Написано было: «… По тому инстинктивному чувству, которым один человек угадывает мысли другого и которое служит путеводною мыслью разговора, Катенька поняла, что мне больно ее равнодушие…» Но сколько раз и со мной случалось, что и с неведомой Катенькой: в разговоре инстинктивно угадывать «мысли другого»! Как точно…
Или в другом месте: «…Глаза наши встретились, и я понял, что он понимает меня и то, что я понимаю, что он понимает меня…» Опять лучше не скажешь! «Я понимаю, что он понимает…»
И так на каждой странице. «В молодости все силы души направлены на будущее… Одни понятные и разделенные мечты о будущем счастии составляют уже истинное счастье этого возраста». Опять мое! Так и есть: каждый день твоих детства-отрочества, если они нормальны, будто сплавлен с солнцем и светом ожидания, чтобы твое предназначение состоялось. Но как выразить вслух это снедающее тебя предчувствие, можно ли передать его словами? Пока ты мучим неодолимой немотой, этот автор-инкогнито все за тебя успел рассказать.

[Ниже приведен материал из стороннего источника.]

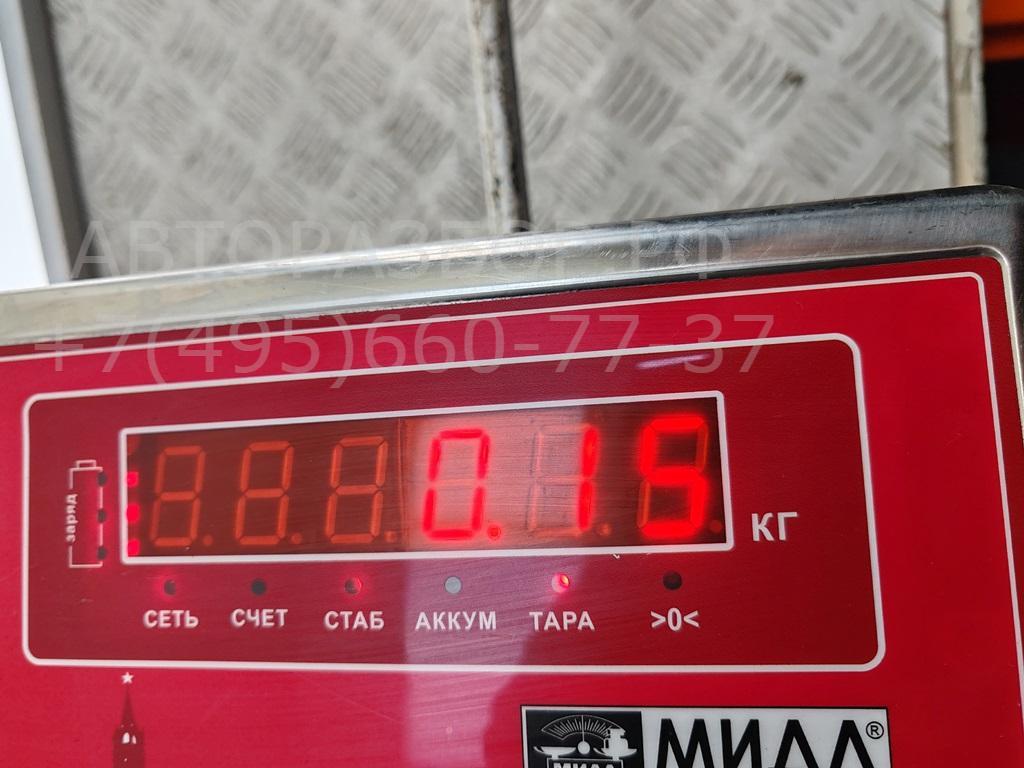 Ограничитель двери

Но кто он был — неведомый автор? Чья такая волшебная книга оказалась у меня в руках?
Надо ли говорить, что ни в какую пионерскую библиотеку она не поехала — с обглоданными своими началом и концом она осталась у меня лично.
Позже я узнал ее и в переплете: Л. Н.Толстой. «Детство», «Отрочество», «Юность».
Вот так Толстой вошел в мою жизнь, не представившись.
Иллюзия узнавания — непременная особенность классических текстов.
Они — классики, потому что пишут для всех. Это верно. Но они еще и потому вечные классики, что пишут для каждого. Это верно не менее.
Юный простак, я «купился» именно на последнее. Эксперимент был проведен чисто: автора скрыли. Магия имени не довлела над восприятием текста. Текст сам отстоял свое величие.
Толстовская «диалектика души», первым отмеченная нелюбезным Набокову Чернышевским, как шаровая молния в форточку, сияя, влетела в очередное неопознанное читательское сердце.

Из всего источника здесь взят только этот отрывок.